そこで本年度は、「Gip1とGタンパク質の結合様式」について解析を進めた。Gip1はそのC末端側でGタンパク質と結合する。このドメインをバクテリアから精製し、濃縮後、動的光散乱法とネイティブPAGEにより結晶作製に適しているか確認をした。このサンプルを用いて蒸気拡散法による結晶化条件を検討した結果、PEG20,000、Bicine (pH8-9)存在下で結晶が生成した。この結晶にX線を照射し、回折像を得た。このデータから、Gip1ホモログであるTIPE2を用いた分子置換法により初期構造モデルを構築し、精密化を行った。その結果、Gip1は予想通り、疎水性の穴をもつことがわかった。また、その外側は荷電をもつアミノ酸が比較的多く存在し、細胞質での局在と矛盾しないものであった。

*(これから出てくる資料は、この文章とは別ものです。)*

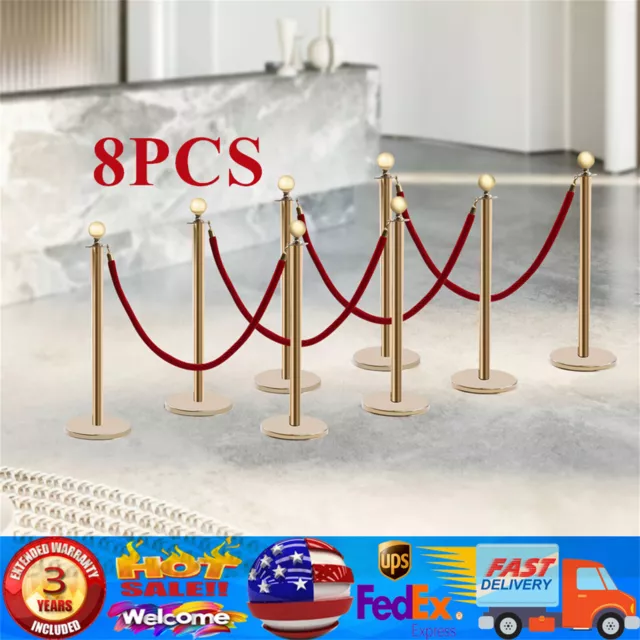 NEW 8 PCS Crowd Control Stanchion Gold Posts Dividing Velvet Rope Column Barrier
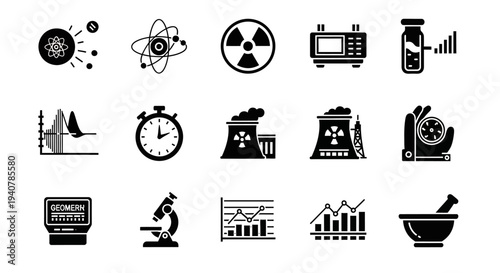 Scientific icons representing laboratory equipment and data analysis in a simple black and white illustration style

次に、Gip1との複合体形成においてGタンパク質の脂質修飾部位の関与を調べた。まず、γサブユニットにゲラニルゲラニル修飾が入っていることを質量分析法により確認した。次に、脂質修飾を持たない変異γサブユニットの発現株を作製し、GIp1との結合を調べたところ、全く結合がみられなくなった。このことから、この両者の複合体形成にはGタンパク質の脂質修飾が必須であることがわかった。
さらに、得られたGip1の構造から、その疎水性の穴を塞ぐ変異を導入した。この変異GIp1はGタンパク質との結合性がなくなり、その結果、細胞内のGタンパク質は細胞質に局在できなくなった。
これらの結果から、Gip1はその疎水性の穴にGタンパク質がもつ脂質修飾を収納することで複合体を形成することがわかった。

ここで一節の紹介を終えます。